Like many of the girls who were “Gilmore Girl” devotees in the seven seasons of the show, I sat down the day after Thanksgiving with the hope of revisiting the whimsical, likable, relatable town of Stars Hollow.
And wow, it so much more relatable than I was expecting.
The first 20 minutes of the first episode, titled “Winter,” was a seamless transition from where the series left off, and yet, as the show continued, I felt like something about these episodes were unlike the original show. All the sudden, the relationship tensions seemed to be more intense and less predictable, the main characters who had been so sure of themselves were now experiencing doubts and disappointments that were too real.
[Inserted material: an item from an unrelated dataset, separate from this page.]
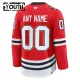 Fanatics Chicago Blackhawks Centennial Personalisiert 25/26 Premium Trikot - Kinder (Rot)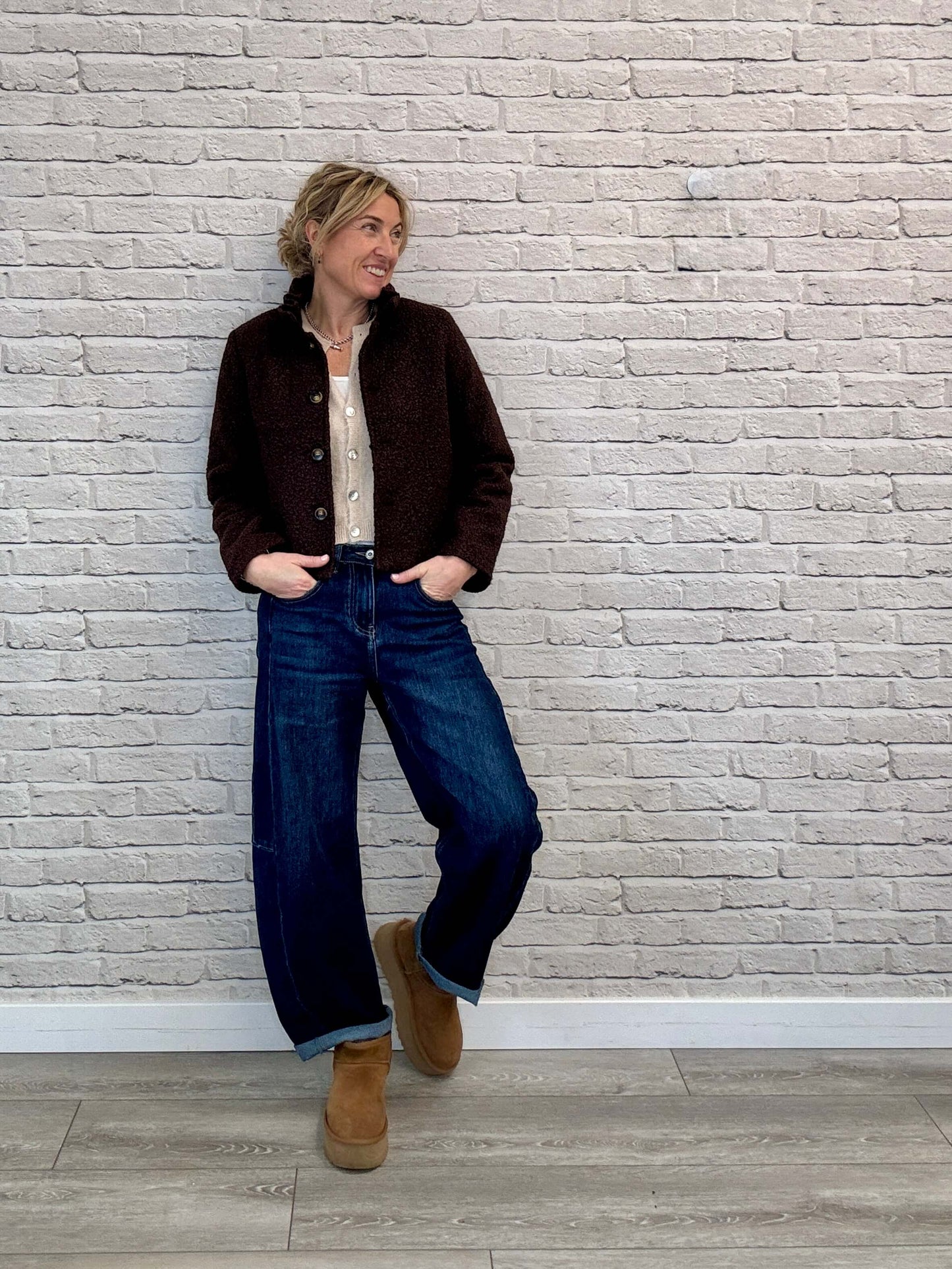 Boucle Jacket | Chocolate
And to top it off, instead of leaving me with a sense of content, I felt restless after watching the first three episodes, wondering how, and even if, the characters were going to solve their problems.
As I jumped between finding myself in Emily, Lorelai, and Rory, I was first rebuffed. This was not how “Gilmore Girls” was supposed to go – this was not how Rory was going to be 10 years down the road. Rory was supposed to be a star writer for the New York Times; Lorelai was supposed to be in wedded bliss to Luke, possibly with a child or two; and Emily was supposed to stay in her societal world, struggling to connect with her daughter but remaining supportive in her own way. I mean no offense to the writers, and actually, the more I reflected, the more thankful I became for how the four episodes were crafted.
I found comfort in Rory’s life being in disarray in her early 30s. I felt encouraged by the way Lorelai’s lack of communication could cause problems that weren’t always easily fixable. With Emily’s adjustment to single life, I found hope that life can change not matter how old you are. The comedy and fast-paced chitchat of the show still existed but within the context of a world that resembled my own. There were moments of supreme awkwardness and major disappointment: something I feel the original show had lacked.
I have a tendency to compare my life with other people – even if they are fictional. It’s a constant struggle, but when I watched Winter, Spring, Summer and Fall, the judgments I made about my life were way less critical. I didn’t feel guilty for not having a full-time job and not knowing what next year is going to look like. I didn’t feel like I was alone in watching my peers succeed and move on with their lives when I was stuck. I didn’t berate myself for not being able to articulate how I’m feeling.
All of these experiences were validated in the four segments of “Gilmore Girls” in real life. And that helps me accept that where I am is where I am: struggles, insecurities, emotions and all.